WORK ITEM
Print the lines below word for word, beginning with the first and ending with the line that holds "Luminaria de Emergencia", and skip every picture.
SUPPLIED DATA: Begin
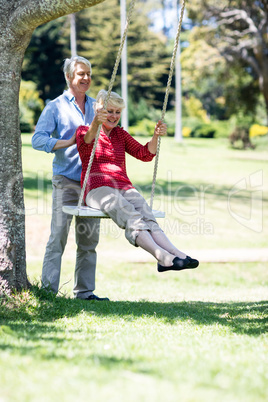 Senior man pushing his partner on swing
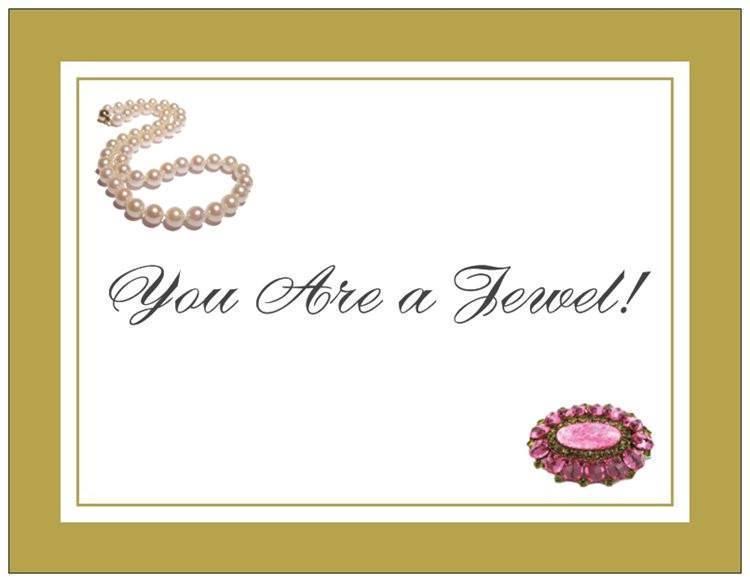 You Are a Jewel Greeting Card-Roses And Teacups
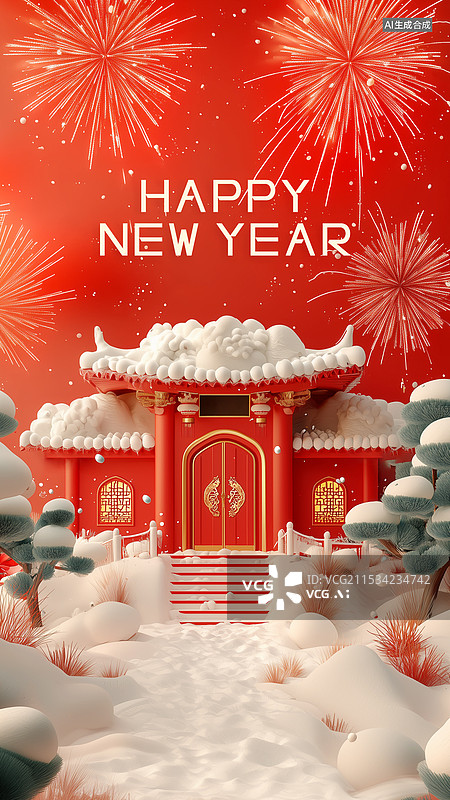 【AI数字艺术】3D元旦主题海报图片素材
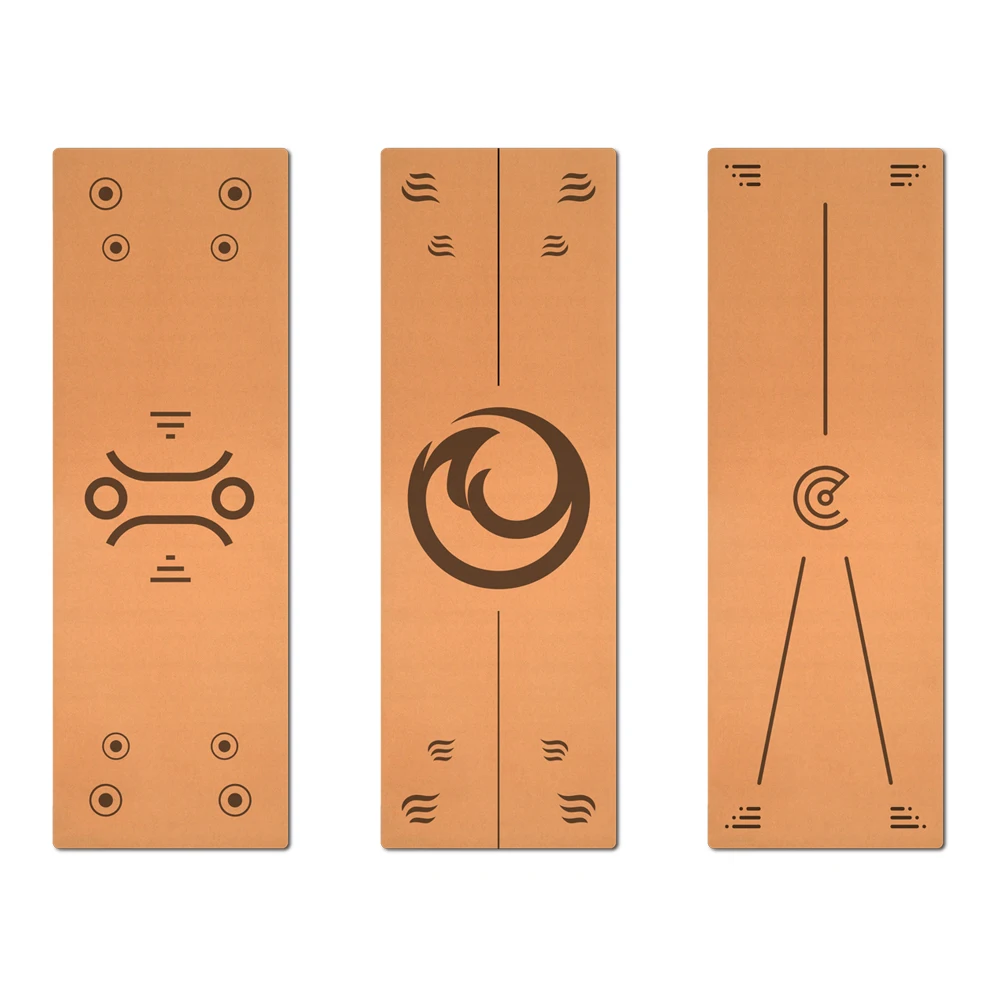 Amazon Custom Printed Gym Exercise Fitness Pilates Mat Large Foldable Travel Natural Rubber ECO-friendly Organic Cork Yoga Mat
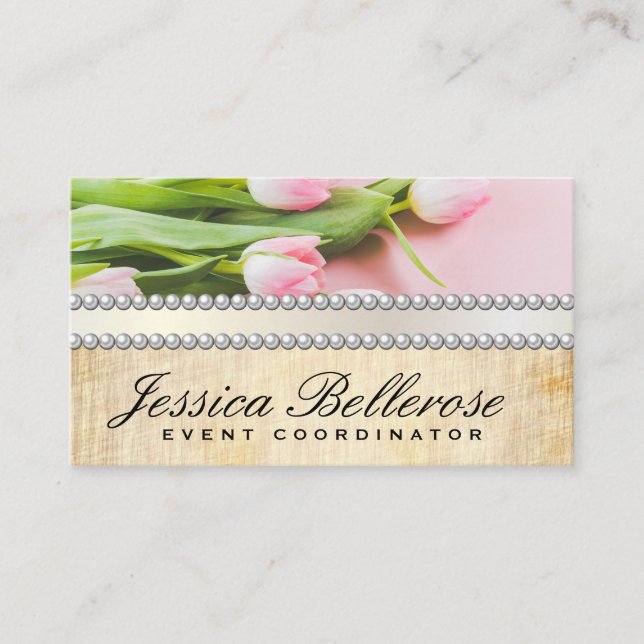 Tarjeta De Visita Flores rosas | Pearls Ribbon (Anverso)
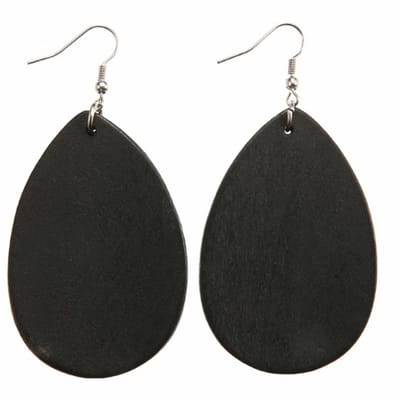 Zilveren oorhangers hout zwart zilverkleur - Charme Bijoux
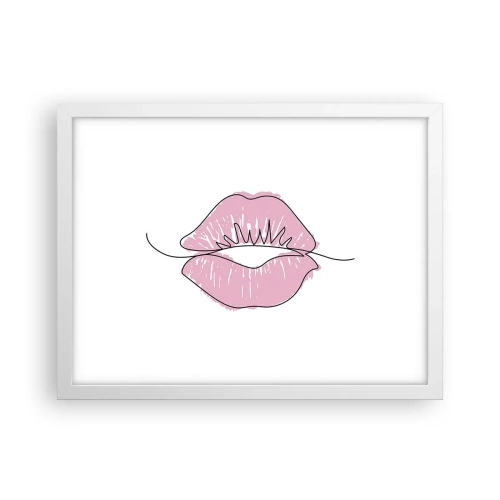 Poster in cornice bianca - Pronti al bacio? - 40x30 cm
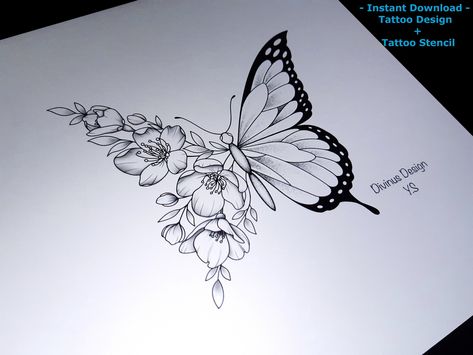 New design available for sale in my Etsy shop 😊 🦋!! Half Butterfly and Half Flowers Tattoo Design Stencil/Tattoo template - Floral Butterfly Tattoo - Instant Digital Download #butterflytattoo #halfbutterflyhalfflowers #floralbutterfly #femaletattoo #flowerbutterfly Butterfly Cherry Blossom Tattoo, Half Butterfly Half Flower Tattoo Drawing, Cherry Blossom Butterfly Tattoo, Half Flower Half Butterfly, Butterfly Flowers Tattoo, Butterfly And Flowers Tattoo, Floral Butterfly Tattoo Design, Half Butterfly Half Flower Tattoo, Half Butterfly Tattoo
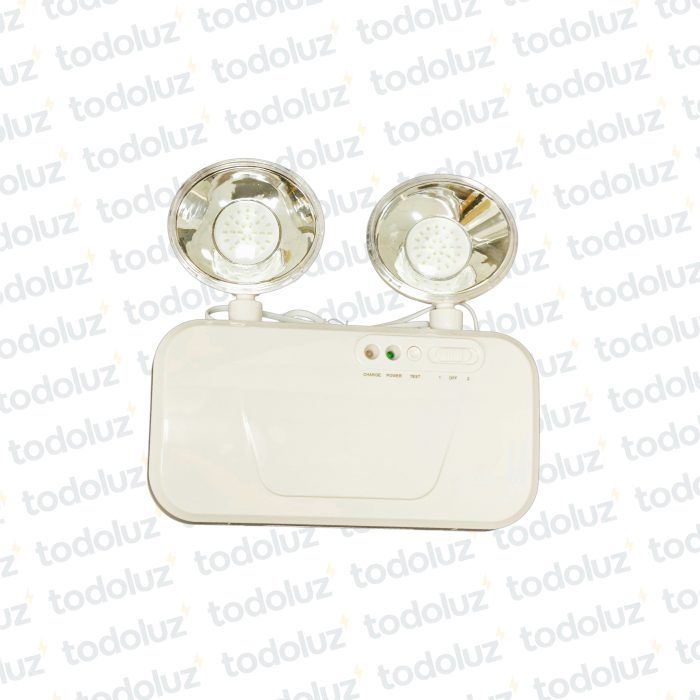 Luminaria de Emergencia 2x15W c/ 2 Faros Direccionables 220Vac 260x275x70mm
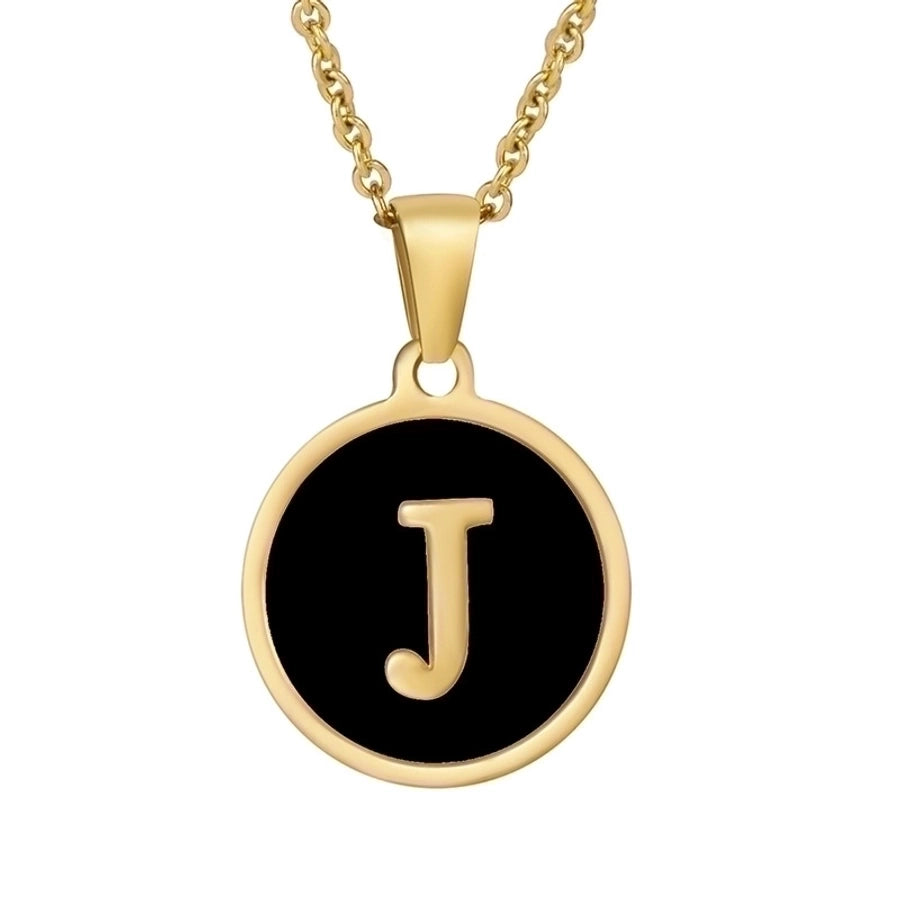 fashion round letter stainless steel plating necklace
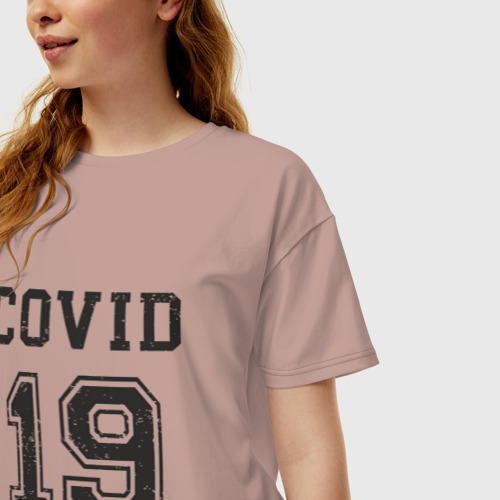 Женская футболка хлопок Oversize Covid 19, цвет пыльно-розовый - фото 3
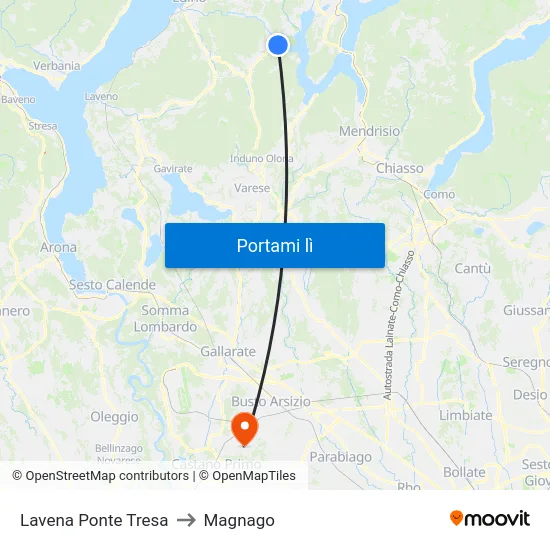 Lavena Ponte Tresa to Magnago map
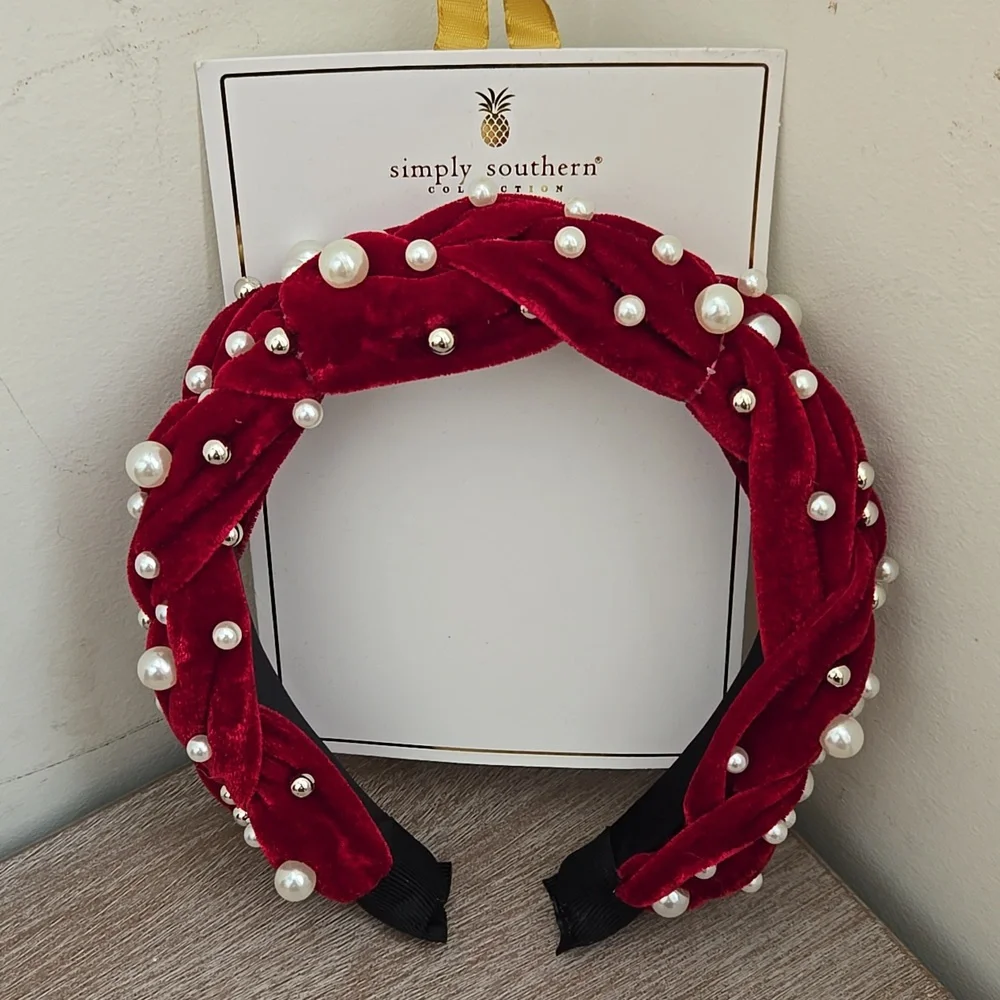 NWT Simply Southern Red Velvet Pearl Headband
SUPPLIED DATA: End
WRITTEN ANSWER
 Senior man pushing his partner on swing
 You Are a Jewel Greeting Card-Roses And Teacups
 【AI数字艺术】3D元旦主题海报图片素材
 Amazon Custom Printed Gym Exercise Fitness Pilates Mat Large Foldable Travel Natural Rubber ECO-friendly Organic Cork Yoga Mat
 Tarjeta De Visita Flores rosas | Pearls Ribbon (Anverso)
 Zilveren oorhangers hout zwart zilverkleur - Charme Bijoux
 Poster in cornice bianca - Pronti al bacio? - 40x30 cm
 New design available for sale in my Etsy shop 😊 🦋!! Half Butterfly and Half Flowers Tattoo Design Stencil/Tattoo template - Floral Butterfly Tattoo - Instant Digital Download #butterflytattoo #halfbutterflyhalfflowers #floralbutterfly #femaletattoo #flowerbutterfly Butterfly Cherry Blossom Tattoo, Half Butterfly Half Flower Tattoo Drawing, Cherry Blossom Butterfly Tattoo, Half Flower Half Butterfly, Butterfly Flowers Tattoo, Butterfly And Flowers Tattoo, Floral Butterfly Tattoo Design, Half Butterfly Half Flower Tattoo, Half Butterfly Tattoo
 Luminaria de Emergencia 2x15W c/ 2 Faros Direccionables 220Vac 260x275x70mm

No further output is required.